Every evening, 14-year-old Phan Van Rot set fish traps in the stream outside his home on the coast of central Vietnam. The following day he would collect the fish on a string and take his catch to the house.
One morning, after heavy rains breached a dam upstream, he noticed something peculiar in the water: a round brown object. He bent down and reached for it. Just as he lifted the small but heavy ball from the sandy stream bottom, it exploded.
It was a cluster bomb. It took his left hand above the wrist and his left leg below the knee. Shrapnel perforated his abdomen. The date was July 5, 2002 -- more than a quarter-century after the war in Vietnam ended.
You can change Rot's name, the place of his accident and the date, but the result will be the same. In the past hour, it probably happened again somewhere else. Perhaps in Lebanon, Afghanistan, Iraq or Chechnya.
Cluster bombs, invented in World War II and now standard air-dropped munitions for many nations, leave a lethal legacy. According to one estimate, 98 percent of cluster bomb casualties are civilians.
Aside from the "collateral damage" they cause in wartime, most "brands" of cluster bombs do not reliably explode when intended, while others are designed like landmines to go off on the ground so the enemy is denied access to territory, roads, utility installations and so on.
Their recent use in the conflict between Israel and Hezbollah last summer was another wake-up call to the havoc they wreak. In the last three days of the fighting, 4 million cluster bombs were dropped. At least one in every four did not explode. The ones that remained caused 161 casualties among civilians, including 19 deaths, by Christmas -- initially at a rate of three accidents a day.
Given their high failure rates and controversial deployment, there is a growing movement afoot to restrict the use of cluster bombs. It's time to end the kind of post-conflict suffering I see every time I travel to Southeast Asia for Clear Path International, our non-profit organization that assists landmine and bomb victims. In the past two years, we have assisted more than 200 new accident survivors like Phan Van Rot in central Vietnam alone, many of them victims of cluster bomb accidents.
In February, Sens. Patrick Leahy, D-Vt., and Dianne Feinstein, D-Calif., introduced legislation to restrict federal funds for the use, sale or transfer of cluster bombs except for clearly defined military targets. The bombs would also have to be 99 percent reliable or more. Currently, dud rates range from 5 percent to 40 percent.
The bill was referred to the Senate Foreign Relations Committee. The two senators hope a similar bill will be introduced in the House.
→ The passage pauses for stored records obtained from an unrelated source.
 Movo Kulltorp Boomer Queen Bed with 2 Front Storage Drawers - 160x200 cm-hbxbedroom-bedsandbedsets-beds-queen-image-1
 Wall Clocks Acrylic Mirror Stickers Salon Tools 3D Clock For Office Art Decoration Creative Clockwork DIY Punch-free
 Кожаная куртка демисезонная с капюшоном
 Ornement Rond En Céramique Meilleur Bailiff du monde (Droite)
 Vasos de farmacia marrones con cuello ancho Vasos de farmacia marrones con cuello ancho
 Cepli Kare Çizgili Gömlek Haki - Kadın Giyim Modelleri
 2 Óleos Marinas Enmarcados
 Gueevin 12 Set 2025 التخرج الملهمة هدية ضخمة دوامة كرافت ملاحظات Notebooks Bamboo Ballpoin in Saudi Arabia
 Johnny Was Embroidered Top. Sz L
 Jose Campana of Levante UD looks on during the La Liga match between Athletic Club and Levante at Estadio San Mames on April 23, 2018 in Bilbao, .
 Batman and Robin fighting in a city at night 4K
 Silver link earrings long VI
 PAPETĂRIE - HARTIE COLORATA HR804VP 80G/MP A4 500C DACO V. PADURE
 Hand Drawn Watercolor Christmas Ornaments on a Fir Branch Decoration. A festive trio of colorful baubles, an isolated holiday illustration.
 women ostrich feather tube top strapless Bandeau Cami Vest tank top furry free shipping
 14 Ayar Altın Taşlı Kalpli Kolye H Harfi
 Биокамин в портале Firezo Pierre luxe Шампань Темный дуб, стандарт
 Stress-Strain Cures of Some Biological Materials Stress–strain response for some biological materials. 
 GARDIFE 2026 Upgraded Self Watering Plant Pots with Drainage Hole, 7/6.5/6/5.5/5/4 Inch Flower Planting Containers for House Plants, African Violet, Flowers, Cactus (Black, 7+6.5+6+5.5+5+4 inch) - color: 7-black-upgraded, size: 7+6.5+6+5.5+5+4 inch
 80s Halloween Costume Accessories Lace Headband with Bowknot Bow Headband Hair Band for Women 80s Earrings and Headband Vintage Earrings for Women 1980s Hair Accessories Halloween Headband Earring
Our state's delegation should support this legislation, which comes at a time when other countries are seeking even tighter restrictions. In Olso last month, 43 countries signed an agreement calling for a ban on the munitions by 2008. The United States (not even invited), Russia and China were absent.
With all the laser-like precision technology supposedly available these days, why do armies still insist on using a shotgun approach to warfare using products that could have been improved decades ago and leave a deadly mess for generations?
Imbert Matthee is president of Clear Path International, which has offices on Bainbridge Island and in Vermont.